FAYETTE COUNTY, Ky. — Megan Huffman said anyone that follows her knows she's an open book – sharing the fun milestones of her children and family, the places they go and the things they do.
That all changed when she got a terrifying phone call.
The phone call is the reason why Huffman said she has changed what she shares on social media, especially about her children.
In December, she answered a call from an unknown number thinking it was an Instacart shopper for the groceries she ordered.
“It was this man, this man who had been following my family, for it seems like quite a long time,” she explained. “And it wasn't completely random. I met him when I was 8 years old, he was an old neighbor, neighbor of mine. And I haven't had contact with him since then.”
She told 10TV that the man described in detail, photos of her two young children.
Huffman then searched his name online and discovered he is a registered sex offender.
“Never do you think like, just posting a simple picture can be dangerous, and it can be harmful to your family,” she said.
Huffman has asked us not to share his name or photo for her family’s safety if he were to be released from jail, again.
Huffman recently moved with her family from Pickerington back to her childhood town in Kentucky.

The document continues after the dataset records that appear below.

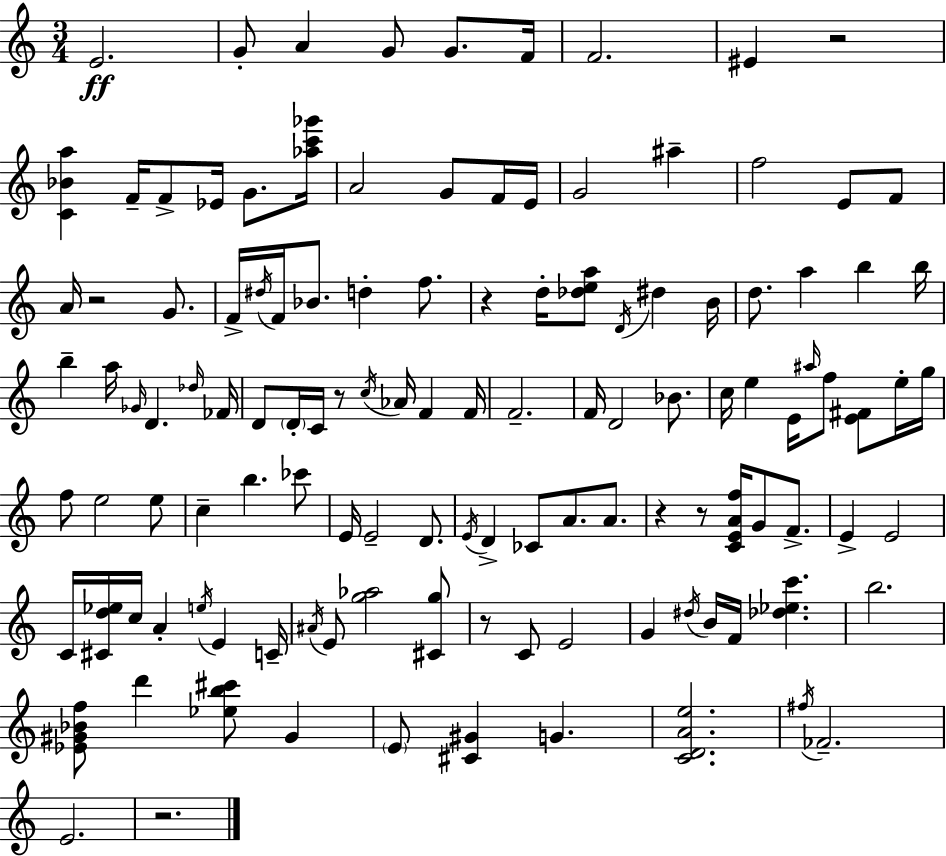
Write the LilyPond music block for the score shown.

{
  \clef treble
  \numericTimeSignature
  \time 3/4
  \key c \major
  e'2.\ff | g'8-. a'4 g'8 g'8. f'16 | f'2. | eis'4 r2 | \break <c' bes' a''>4 f'16-- f'8-> ees'16 g'8. <aes'' c''' ges'''>16 | a'2 g'8 f'16 e'16 | g'2 ais''4-- | f''2 e'8 f'8 | \break a'16 r2 g'8. | f'16-> \acciaccatura { dis''16 } f'16 bes'8. d''4-. f''8. | r4 d''16-. <des'' e'' a''>8 \acciaccatura { d'16 } dis''4 | b'16 d''8. a''4 b''4 | \break b''16 b''4-- a''16 \grace { ges'16 } d'4. | \grace { des''16 } fes'16 d'8 \parenthesize d'16-. c'16 r8 \acciaccatura { c''16 } aes'16 | f'4 f'16 f'2.-- | f'16 d'2 | \break bes'8. c''16 e''4 e'16 \grace { ais''16 } | f''8 <e' fis'>8 e''16-. g''16 f''8 e''2 | e''8 c''4-- b''4. | ces'''8 e'16 e'2-- | \break d'8. \acciaccatura { e'16 } d'4-> ces'8 | a'8. a'8. r4 r8 | <c' e' a' f''>16 g'8 f'8.-> e'4-> e'2 | c'16 <cis' d'' ees''>16 c''16 a'4-. | \break \acciaccatura { e''16 } e'4 c'16-- \acciaccatura { ais'16 } e'8 <g'' aes''>2 | <cis' g''>8 r8 c'8 | e'2 g'4 | \acciaccatura { dis''16 } b'16 f'16 <des'' ees'' c'''>4. b''2. | \break <ees' gis' bes' f''>8 | d'''4 <ees'' b'' cis'''>8 gis'4 \parenthesize e'8 | <cis' gis'>4 g'4. <c' d' a' e''>2. | \acciaccatura { fis''16 } fes'2.-- | \break e'2. | r2. | \bar "|."
}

According to the Kentucky State Police Sex Offender Registry, the man who called Huffman was convicted on charges of sodomy and sex abuse – the victim: 3 years old. The case was from 2011, according to Fayette County Circuit Court.

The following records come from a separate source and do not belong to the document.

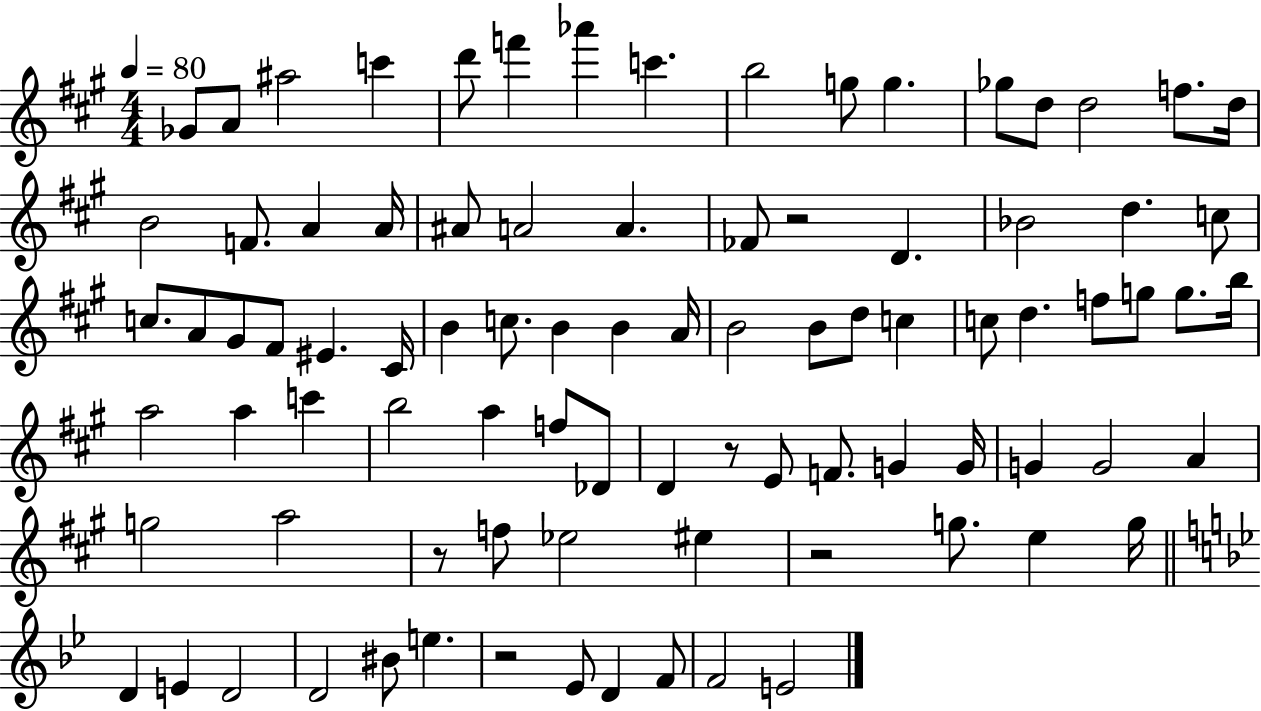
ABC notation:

X:1
T:Untitled
M:4/4
L:1/4
K:A
_G/2 A/2 ^a2 c' d'/2 f' _a' c' b2 g/2 g _g/2 d/2 d2 f/2 d/4 B2 F/2 A A/4 ^A/2 A2 A _F/2 z2 D _B2 d c/2 c/2 A/2 ^G/2 ^F/2 ^E ^C/4 B c/2 B B A/4 B2 B/2 d/2 c c/2 d f/2 g/2 g/2 b/4 a2 a c' b2 a f/2 _D/2 D z/2 E/2 F/2 G G/4 G G2 A g2 a2 z/2 f/2 _e2 ^e z2 g/2 e g/4 D E D2 D2 ^B/2 e z2 _E/2 D F/2 F2 E2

In January, he was on sex offender conditional discharge, but committed a technical violation of failing to abide by the rules of the halfway house where he was residing, according to the Kentucky Department of Corrections. He returned to jail on Jan. 13.
It was right before that violation, in late December, when Huffman answered a call from a person claiming to be him.
“He had said that he had seen that we were doing well and that he knew I had kids and he had, you know, my pictures in his prison cell, and he's tried to contact me for the past couple years," Huffman explained. "And now that he's out, he was able to call. The phone calls kept coming, they kept coming and coming, and they didn't stop until we got the police involved.”
Huffman is sharing her story to warn other parents.
“You don't know who's lurking in the shadows, you don’t know who is looking at your stuff.”
She’s making the following changes on social media: not sharing her children’s faces, locations of photos, or even those milestone pictures from the first day of school.
Her hope is that her lesson helps parents protect their children online.
“He didn't come into our home. He came into our lives online and that is what is so scary.”